In the listing beneath this line, copy exactly the lines starting with the one containing "270 Kilometres/ From" and going on through the one containing "Fax: +249 183742403".

══════════════════════════════

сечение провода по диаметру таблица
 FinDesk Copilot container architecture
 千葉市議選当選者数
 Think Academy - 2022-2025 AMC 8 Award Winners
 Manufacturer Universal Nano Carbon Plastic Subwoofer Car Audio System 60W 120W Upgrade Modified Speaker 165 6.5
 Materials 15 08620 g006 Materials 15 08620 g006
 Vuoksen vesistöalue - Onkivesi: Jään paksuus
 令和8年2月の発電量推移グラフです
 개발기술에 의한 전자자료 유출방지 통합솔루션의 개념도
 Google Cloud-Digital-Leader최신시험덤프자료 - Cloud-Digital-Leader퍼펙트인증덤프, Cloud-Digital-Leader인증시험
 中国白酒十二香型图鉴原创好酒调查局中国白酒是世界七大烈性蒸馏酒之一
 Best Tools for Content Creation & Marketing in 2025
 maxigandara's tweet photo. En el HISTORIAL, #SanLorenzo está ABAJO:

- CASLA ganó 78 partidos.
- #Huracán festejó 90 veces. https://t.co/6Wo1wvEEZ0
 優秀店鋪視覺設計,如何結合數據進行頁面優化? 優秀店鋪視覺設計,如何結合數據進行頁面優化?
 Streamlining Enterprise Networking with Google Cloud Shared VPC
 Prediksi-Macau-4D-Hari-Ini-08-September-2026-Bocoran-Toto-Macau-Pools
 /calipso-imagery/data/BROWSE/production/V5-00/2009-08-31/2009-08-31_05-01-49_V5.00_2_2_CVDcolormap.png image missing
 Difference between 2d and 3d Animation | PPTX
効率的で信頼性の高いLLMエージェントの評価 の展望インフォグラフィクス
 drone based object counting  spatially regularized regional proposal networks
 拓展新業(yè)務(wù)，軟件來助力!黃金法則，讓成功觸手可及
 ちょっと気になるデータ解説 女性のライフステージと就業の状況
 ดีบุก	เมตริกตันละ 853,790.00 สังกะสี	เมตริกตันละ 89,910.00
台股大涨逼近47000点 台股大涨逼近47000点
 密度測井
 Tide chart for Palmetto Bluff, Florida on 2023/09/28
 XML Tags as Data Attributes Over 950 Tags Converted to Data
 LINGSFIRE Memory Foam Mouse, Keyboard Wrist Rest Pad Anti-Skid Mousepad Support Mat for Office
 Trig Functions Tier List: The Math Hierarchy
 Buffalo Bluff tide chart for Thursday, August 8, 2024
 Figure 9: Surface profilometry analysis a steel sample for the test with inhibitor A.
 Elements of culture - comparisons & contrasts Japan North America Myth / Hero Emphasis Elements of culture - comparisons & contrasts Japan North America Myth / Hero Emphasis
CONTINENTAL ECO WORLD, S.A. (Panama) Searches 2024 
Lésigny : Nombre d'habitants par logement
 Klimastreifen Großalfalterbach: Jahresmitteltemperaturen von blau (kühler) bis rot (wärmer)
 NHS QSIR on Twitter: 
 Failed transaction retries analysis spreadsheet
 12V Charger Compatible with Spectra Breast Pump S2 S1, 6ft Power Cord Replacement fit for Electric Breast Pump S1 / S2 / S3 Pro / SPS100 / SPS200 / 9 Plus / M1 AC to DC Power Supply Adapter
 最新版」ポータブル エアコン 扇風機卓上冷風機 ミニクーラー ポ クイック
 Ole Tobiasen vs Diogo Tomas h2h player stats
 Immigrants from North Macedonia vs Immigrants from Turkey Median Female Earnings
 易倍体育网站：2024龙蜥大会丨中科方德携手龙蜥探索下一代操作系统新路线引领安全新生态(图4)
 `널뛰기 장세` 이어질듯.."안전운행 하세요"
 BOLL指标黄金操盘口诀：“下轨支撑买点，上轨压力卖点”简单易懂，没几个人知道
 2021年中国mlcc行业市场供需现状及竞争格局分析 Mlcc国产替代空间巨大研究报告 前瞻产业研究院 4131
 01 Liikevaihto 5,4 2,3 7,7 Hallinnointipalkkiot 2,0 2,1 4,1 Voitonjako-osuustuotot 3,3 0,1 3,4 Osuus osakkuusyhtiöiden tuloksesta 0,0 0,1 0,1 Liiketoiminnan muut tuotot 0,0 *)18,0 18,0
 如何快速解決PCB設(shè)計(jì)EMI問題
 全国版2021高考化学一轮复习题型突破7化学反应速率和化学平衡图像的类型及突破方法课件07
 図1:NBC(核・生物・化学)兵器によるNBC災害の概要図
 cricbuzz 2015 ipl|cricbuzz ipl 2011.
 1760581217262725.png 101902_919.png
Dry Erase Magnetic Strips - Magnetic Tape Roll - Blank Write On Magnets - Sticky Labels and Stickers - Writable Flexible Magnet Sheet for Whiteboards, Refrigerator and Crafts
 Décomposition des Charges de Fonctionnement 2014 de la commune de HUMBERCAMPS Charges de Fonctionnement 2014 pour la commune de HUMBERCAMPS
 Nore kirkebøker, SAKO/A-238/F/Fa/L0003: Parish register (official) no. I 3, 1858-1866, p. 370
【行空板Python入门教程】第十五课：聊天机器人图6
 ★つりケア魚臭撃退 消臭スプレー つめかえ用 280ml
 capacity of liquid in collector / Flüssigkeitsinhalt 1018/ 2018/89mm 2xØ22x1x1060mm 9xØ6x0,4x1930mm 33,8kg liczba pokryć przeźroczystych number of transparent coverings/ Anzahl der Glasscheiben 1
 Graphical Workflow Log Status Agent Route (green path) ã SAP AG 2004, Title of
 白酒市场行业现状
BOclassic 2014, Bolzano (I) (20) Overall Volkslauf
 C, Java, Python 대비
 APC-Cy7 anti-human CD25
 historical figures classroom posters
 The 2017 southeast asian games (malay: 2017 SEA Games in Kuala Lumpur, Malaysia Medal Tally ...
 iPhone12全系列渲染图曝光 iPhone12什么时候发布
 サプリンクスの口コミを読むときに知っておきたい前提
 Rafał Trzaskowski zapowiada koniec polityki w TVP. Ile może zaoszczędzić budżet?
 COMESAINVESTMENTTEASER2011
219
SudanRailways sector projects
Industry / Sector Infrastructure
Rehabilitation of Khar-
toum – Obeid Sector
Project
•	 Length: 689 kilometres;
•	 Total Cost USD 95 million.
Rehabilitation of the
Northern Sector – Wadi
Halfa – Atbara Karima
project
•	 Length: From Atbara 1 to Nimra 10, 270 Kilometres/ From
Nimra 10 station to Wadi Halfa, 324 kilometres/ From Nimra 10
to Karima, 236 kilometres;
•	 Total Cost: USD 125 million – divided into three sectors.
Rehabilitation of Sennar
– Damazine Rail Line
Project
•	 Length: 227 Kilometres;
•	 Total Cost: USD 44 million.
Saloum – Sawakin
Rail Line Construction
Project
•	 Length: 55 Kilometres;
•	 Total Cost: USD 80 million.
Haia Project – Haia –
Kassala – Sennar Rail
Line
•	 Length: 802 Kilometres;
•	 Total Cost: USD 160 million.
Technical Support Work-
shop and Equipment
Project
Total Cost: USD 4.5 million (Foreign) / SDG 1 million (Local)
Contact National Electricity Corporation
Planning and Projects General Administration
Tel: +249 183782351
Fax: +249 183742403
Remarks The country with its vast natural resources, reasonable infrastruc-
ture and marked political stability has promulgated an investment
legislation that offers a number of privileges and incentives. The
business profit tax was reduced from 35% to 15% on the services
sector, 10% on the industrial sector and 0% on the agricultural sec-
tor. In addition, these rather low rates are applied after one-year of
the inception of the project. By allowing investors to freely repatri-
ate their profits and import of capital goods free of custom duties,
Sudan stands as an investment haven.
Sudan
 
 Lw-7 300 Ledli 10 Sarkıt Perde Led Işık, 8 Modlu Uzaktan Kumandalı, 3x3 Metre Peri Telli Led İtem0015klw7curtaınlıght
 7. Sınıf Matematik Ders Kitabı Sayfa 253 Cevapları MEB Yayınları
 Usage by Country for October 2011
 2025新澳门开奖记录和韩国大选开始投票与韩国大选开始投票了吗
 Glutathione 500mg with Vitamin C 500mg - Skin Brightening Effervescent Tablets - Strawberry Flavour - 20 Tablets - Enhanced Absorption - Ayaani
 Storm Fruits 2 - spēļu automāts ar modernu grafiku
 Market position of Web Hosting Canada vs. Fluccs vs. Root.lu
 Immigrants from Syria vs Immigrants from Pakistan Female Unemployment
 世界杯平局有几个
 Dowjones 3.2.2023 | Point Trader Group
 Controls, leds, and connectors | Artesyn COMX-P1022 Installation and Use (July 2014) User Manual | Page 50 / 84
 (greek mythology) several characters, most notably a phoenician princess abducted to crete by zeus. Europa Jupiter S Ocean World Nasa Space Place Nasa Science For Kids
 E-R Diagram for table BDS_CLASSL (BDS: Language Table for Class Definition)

══════════════════════════════

_RESPONSE TO THE EXERCISE_
•	 Length: From Atbara 1 to Nimra 10, 270 Kilometres/ From
Nimra 10 station to Wadi Halfa, 324 kilometres/ From Nimra 10
to Karima, 236 kilometres;
•	 Total Cost: USD 125 million – divided into three sectors.
Rehabilitation of Sennar
– Damazine Rail Line
Project
•	 Length: 227 Kilometres;
•	 Total Cost: USD 44 million.
Saloum – Sawakin
Rail Line Construction
Project
•	 Length: 55 Kilometres;
•	 Total Cost: USD 80 million.
Haia Project – Haia –
Kassala – Sennar Rail
Line
•	 Length: 802 Kilometres;
•	 Total Cost: USD 160 million.
Technical Support Work-
shop and Equipment
Project
Total Cost: USD 4.5 million (Foreign) / SDG 1 million (Local)
Contact National Electricity Corporation
Planning and Projects General Administration
Tel: +249 183782351
Fax: +249 183742403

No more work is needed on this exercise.